Your objective >>
Note the line containing "map of restaurants, bars, coffee"; from it through the last line below, give only those lines again, exactly, both ends included, skipping pictures.

Given data >>
□ □ □
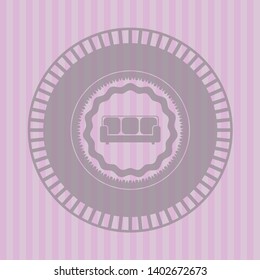 couch icon inside pink emblem. Vintage.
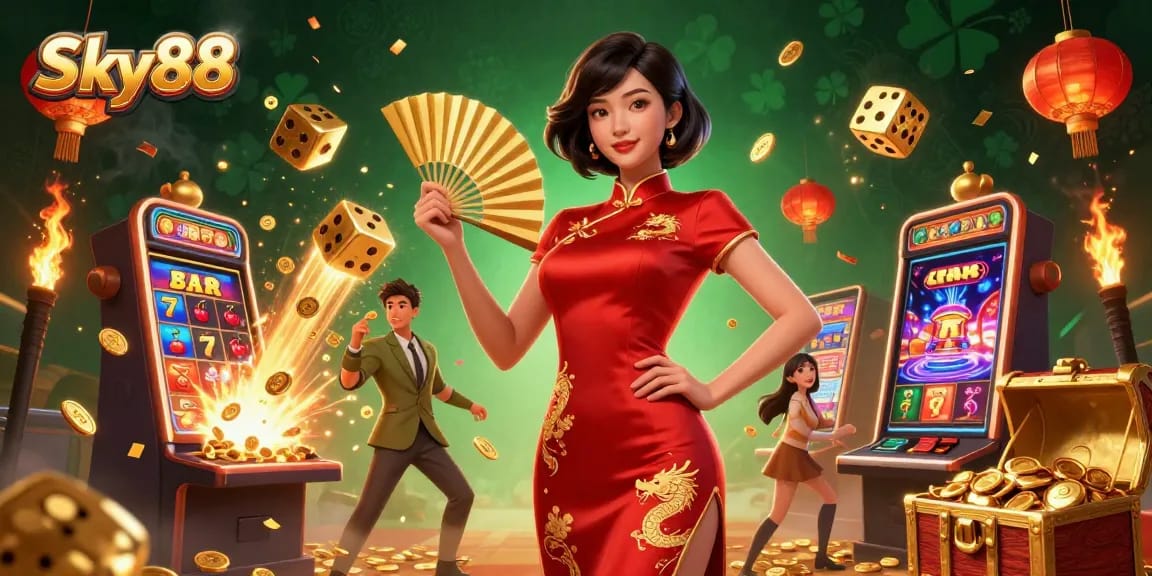 Engage with Sky88’s vibrant casino scene featuring a beautiful Asian woman amidst gold coins and slot machine excitement.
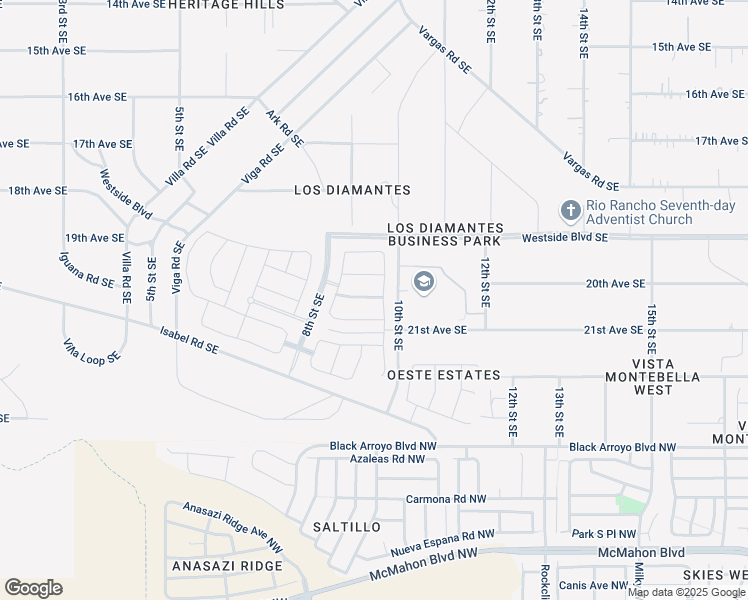map of restaurants, bars, coffee shops, grocery stores, and more near 2109 10th Street Southeast in Rio Rancho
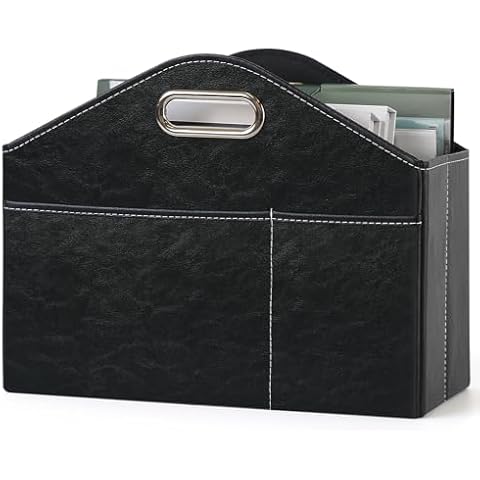 PreTidy PU Leather Magazine Rack Organizer Cover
□ □ □
Task solution >>
map of restaurants, bars, coffee shops, grocery stores, and more near 2109 10th Street Southeast in Rio Rancho
 PreTidy PU Leather Magazine Rack Organizer Cover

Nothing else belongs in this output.